例えば某社の社内ブログシステムでは、「社員が個人のブログを持つ」という形式ではなく、「社員が『グループブログ』に書き込みに行く」という形式を推奨しているそうです。また「営業日報をブログで書かせれば、それは日常業務ですから利用率100%になります」などといった提案も。そいうったシステム全体の利用イメージを見せられて感じたのですが、それって例えば「掲示板」や「日報ツール」など、既存のシステムなどと何が違うのでしょうか。確かに「パーマリンクがある」「RSSを吐ける」などといった違いは言えるでしょう。しかしあえて言えば、その程度の「些細な」改善が目的なら、既存システムを改造するだけでもOKなはずです。実際その会社は、「ブログと掲示板ってどこが違うの?とよく質問されるんですよ」と仰っていました。

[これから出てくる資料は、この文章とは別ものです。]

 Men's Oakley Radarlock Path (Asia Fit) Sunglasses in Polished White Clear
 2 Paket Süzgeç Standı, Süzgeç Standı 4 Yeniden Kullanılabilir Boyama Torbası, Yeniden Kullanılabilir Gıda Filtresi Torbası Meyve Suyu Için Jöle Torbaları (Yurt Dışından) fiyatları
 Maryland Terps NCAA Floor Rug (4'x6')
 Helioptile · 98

いま社内ブログ/SNSを導入しようとした場合に、2種類の(相反する)方向性が取れると思います。簡潔に表現できないのですが、例えて言えば:
- これまで情報発信に参加してこなかった人々を巻き込み、これまで流通していなかったタイプの情報(個人の思い、小さな気づき、プライベートな情報など)を共有するシステムを作る
- 営業日報や業務連絡など、これまでも流通していた情報を、これまでと同じ「権威」が発信するが、仕組みを効率化する
という2種類。僕が言いたい「毒抜きされるブログ/SNS」というのは、当然後者に当たります。
確かに既存の情報流通経路をサポートするようにブログ/SNSを導入すれば、失敗するリスクも少なくて、利用率も高いでしょう。しかしそれでいいのでしょうか?本来「ブログ」「SNS」というツールが注目されたのは、上記(1)の目的を達成できるからです。既存の仕組みを焼き直すだけなら、それは単なるシステムのリプレース。とても「オフィス2.0」や「オフィス革命」などという発想ではありません。

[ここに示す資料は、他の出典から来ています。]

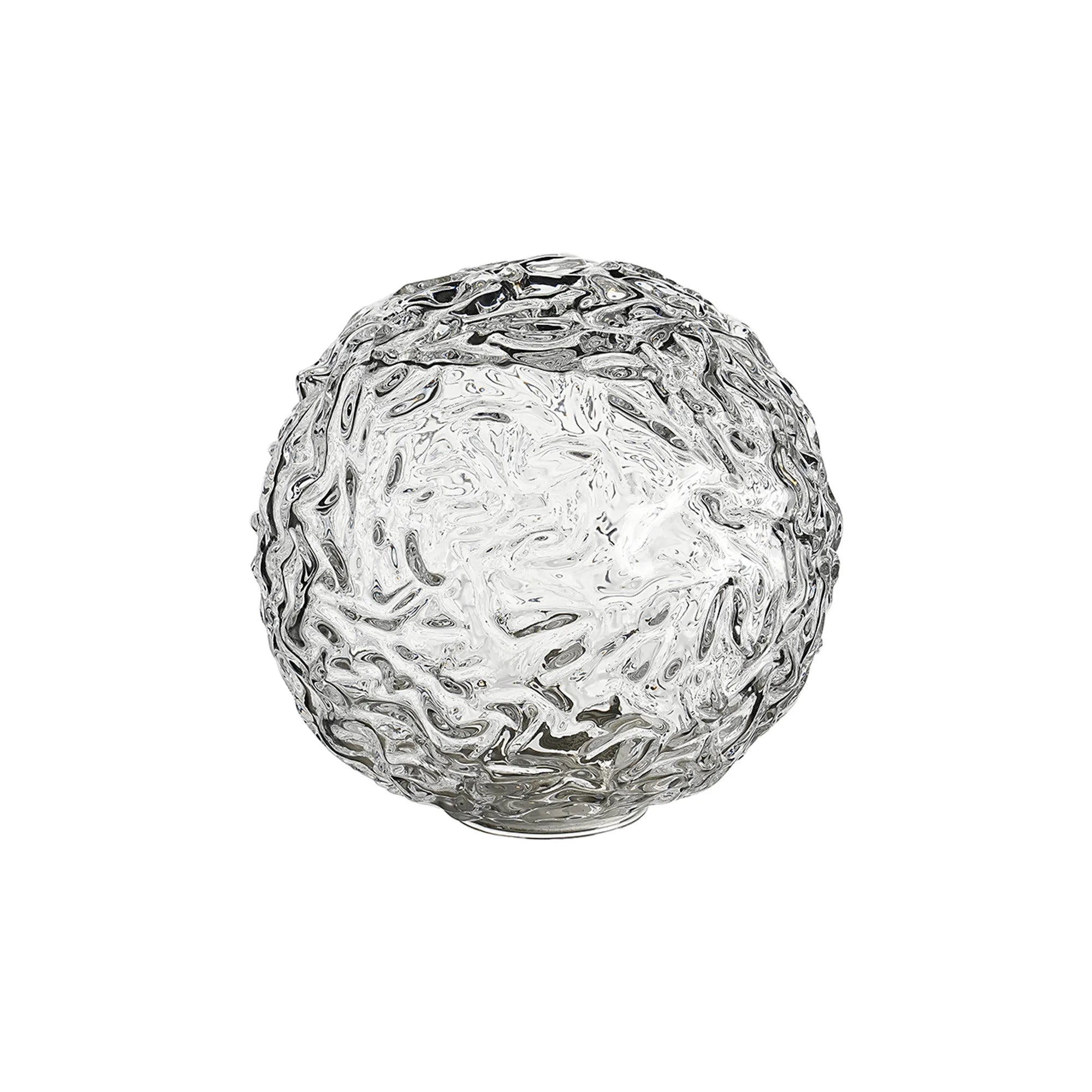 Sycamore 15cm Round Textured Crumple Glass Shade - Clear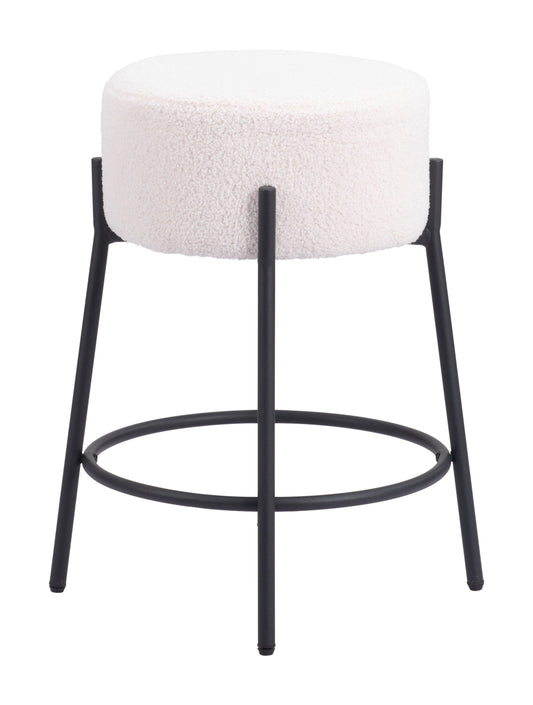 Blanche Counter Stool (Set of 2) Ivory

なぜ個人の感情や気づきを共有する必要があるのか、それにブログ/SNSの特性がどう活かされるのか。(1)の方向性を達成しようとしたら、大変な苦労を経験することでしょう -- 単にシステムを導入するだけでなく、社内の組織構造や文化を変えることにもつながるのですから。しかしそれを厭わずに取り組んでこそ、社内にブログ/SNSが存在する意義が生まれるのではないでしょうか。
今回の発表には「失敗学」というタイトルを付け、失敗という側面から社内ブログ/SNSを考えたわけですが、それはブログ/SNSを普通のシステムとして使って欲しいからではありません。逆に革命的なツールとして使って欲しいからこそ、あえて「失敗することを前提としよう」、という意見を述べたつもりです。極端な話をすれば、どこの部署からも反対されず、トップから歓迎されるような社内ブログ/SNSは「ブログ/SNS」ではない -- それくらいのつもりで取り組んで欲しいなと、勝手ながら考えた次第でした。